You can also get a PyTorch embedding layer from the embedding model:

embedding_layer = word2vec.torch_embedding()
print(embedding_layer)
Embedding(240547, 200)

Training an Embedding Model

To train an embedding model, first choose and build your embedding. For this example, we’ll train a Word2Vec model using the CBOW algorithm with a vector dimension of 200.
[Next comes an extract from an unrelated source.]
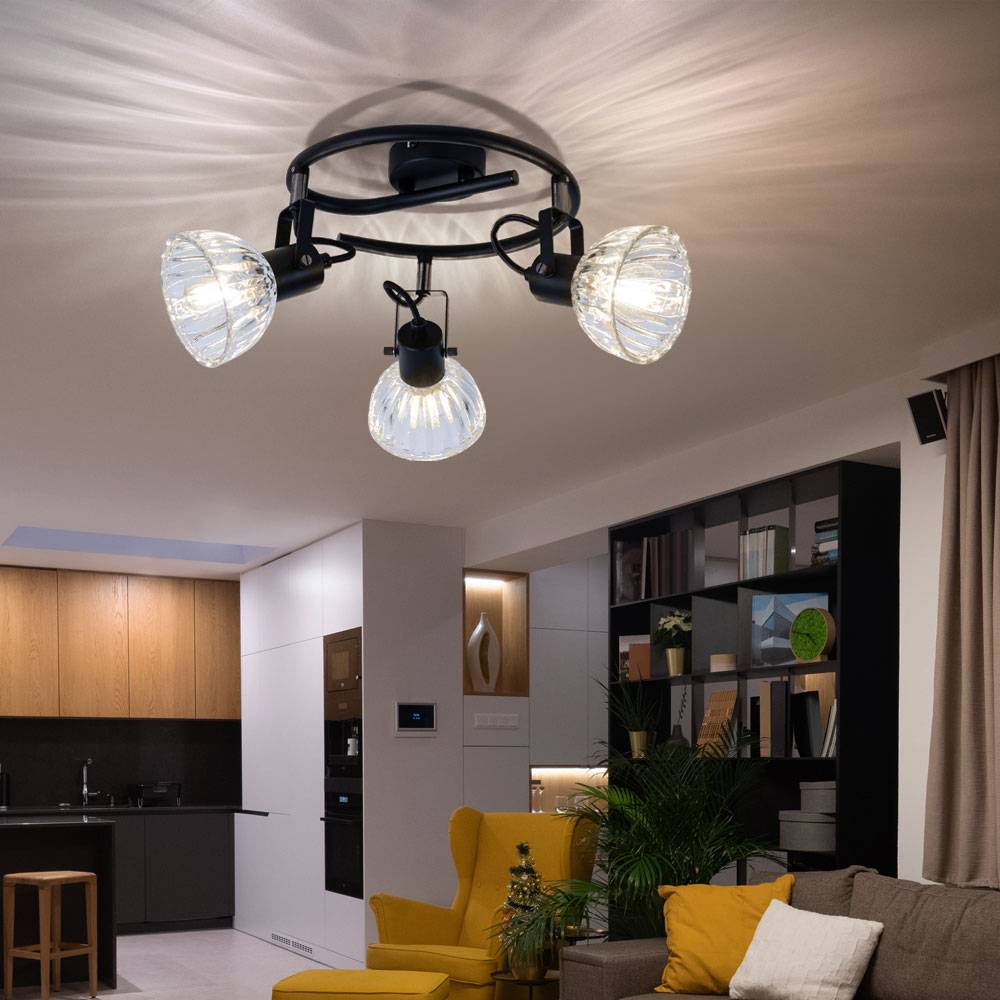 Deckenlampe Deckenleuchte Spotlampe Leuchte Wohnzimmerleuchte Küchenlampe, Spots beweglich 3 Flammig, Metall Glas schwarz klar, E14 Fassungen, DxH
from hezar.embeddings import Word2Vec, Word2VecConfig

model = Word2Vec(
    Word2VecConfig(
        vector_size=200,
        window=5,
        train_algorithm="cbow",
        alpha=0.025,
        min_count=1,
        seed=1,
        workers=4,
        min_alpha=0.0001,
    )
)

Now given a list of sentences as the dataset, run training process:

with open("data.txt") as f:
    sentences = f.readlines()

sentences = [s.replace("\n", "") for s in sentences]

word2vec.train(sentences, epochs=5)

Saving and Pushing to the Hub

Now you can save and push your model to the Hub:

word2vec.save("word2vec-cbow-200")

word2vec.push_to_hub("<your-hf-username>/word2vec-cbow-200-fa")